Um die Bedenken der nordischen Länder zu beschwichtigen, die einen Angriff auf die Meinungsfreiheit fürchten, enthält die Vorlage den Zusatz, „dass Grundrechte wie Vereinigungs- und Meinungsfreiheit oder das Demonstrationsrecht weder verringert noch ausgehöhlt werden dürfen“. Es gilt als wahrscheinlich, dass alle fünfzehn Länder den Entwurf absegnen werden. Das Flüchtlingskommissariat der UNO und amnesty international haben vor den Folgen gewarnt. Gerade in den Kandidatenländern, deren demokratische Tradition noch nicht gefestigt sei, könnte eine derartige Definition missbraucht werden, um politische Gegner zum Schweigen zu bringen. Österreich und Deutschland hatten bis zuletzt Probleme mit dem harmonisierten Strafrahmen, den die Vereinbarung vorsieht. Nach deutschem Recht darf ein Verurteilter frühestens nach zwei Dritteln der verbüßten Zeit auf Bewährung entlassen werden, in anderen Ländern ist es üblich, die Hälfte der Strafe zur Bewährung auszusetzen. Ein einheitlicher Strafrahmen kann so in der Rechtspraxis zu erheblichen Unterschieden führen.

Auch gibt es im deutschen und österreichischen Recht den Begriff der „Mindesthöchststrafe“ nicht, die nun für den Leiter einer terroristischen Organisation 20 Jahre betragen soll. In Deutschland käme ein Täter frühestens nach zwölf Jahren frei. Das erscheint unverhältnismäßig, da sogar eine lebenslängliche Haftstrafe laut Urteil des Bundesverfassungsgerichts nach spätestens 15 Jahren überprüft werden muss. Als Alternative könnte eine Vereinfachung dadurch erreicht werden, dass jedes Land den Strafrahmen festlegt, der dann in der Praxis EU-weit zu einheitlicher Haftdauer führt.

Die belgische Präsidentschaft hat sich kurz vor Ablauf ihrer Amtszeit noch zu einer Fleißarbeit bereit erklärt, mit der überprüft werden soll, wie sich die unterschiedlichen Gewohnheiten bei der Strafbemessung in den tatsächlich verbüßten Haftzeiten auswirken. Bis Ostern sollen die Ergebnisse vorliegen.

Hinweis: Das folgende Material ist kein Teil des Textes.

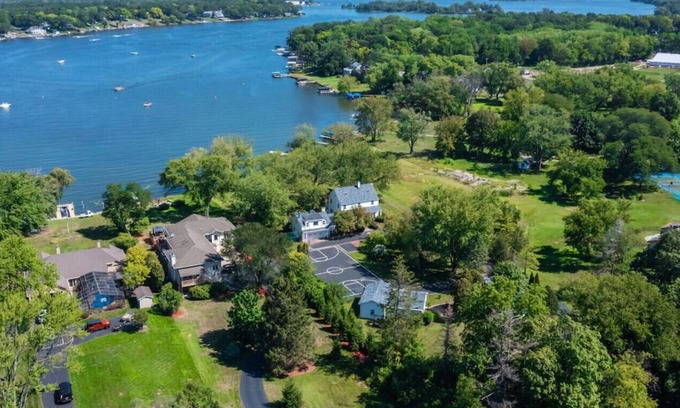 McHenry Casa | Chain O'Lakes Group Getaway-The Johnsburg Estate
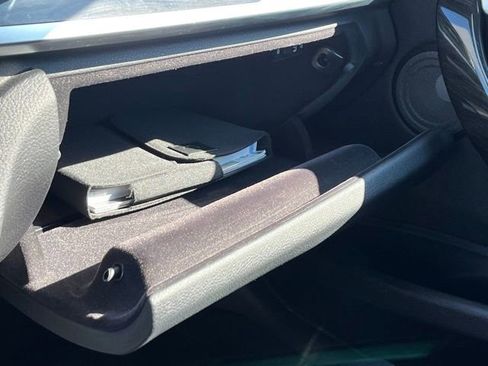 Used 2017 BMW 340i xDrive Sedan image 34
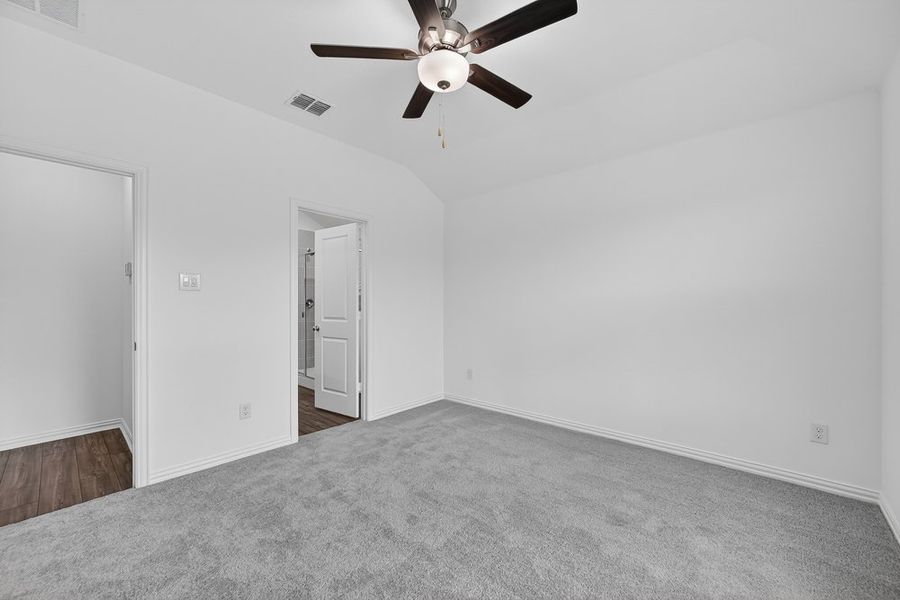 Spacious, unfurnished interior of a new home in River Ridge, Crandall (Image 21). Spacious, unfurnished interior of a new home in River Ridge, Crandall (Image 21).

Es drängt sich die Frage auf, warum nicht schon früher jemand die Idee zu einer solchen vergleichenden Statistik hatte, denn das Problem der unterschiedlichen Rechtspraxis innerhalb der EU stellt sich heute nicht zum ersten Mal. Eine Denkpause bis Ostern ist jedenfalls derzeit politisch nicht durchsetzbar. Und sie würde wohl auch keine neuen Erkenntnisse bringen, denn im belgischen Justizministerium, so hört man, fehlen die Fachleute, die die Angaben aus den nationalen Fragebögen auswerten und vergleichen könnten.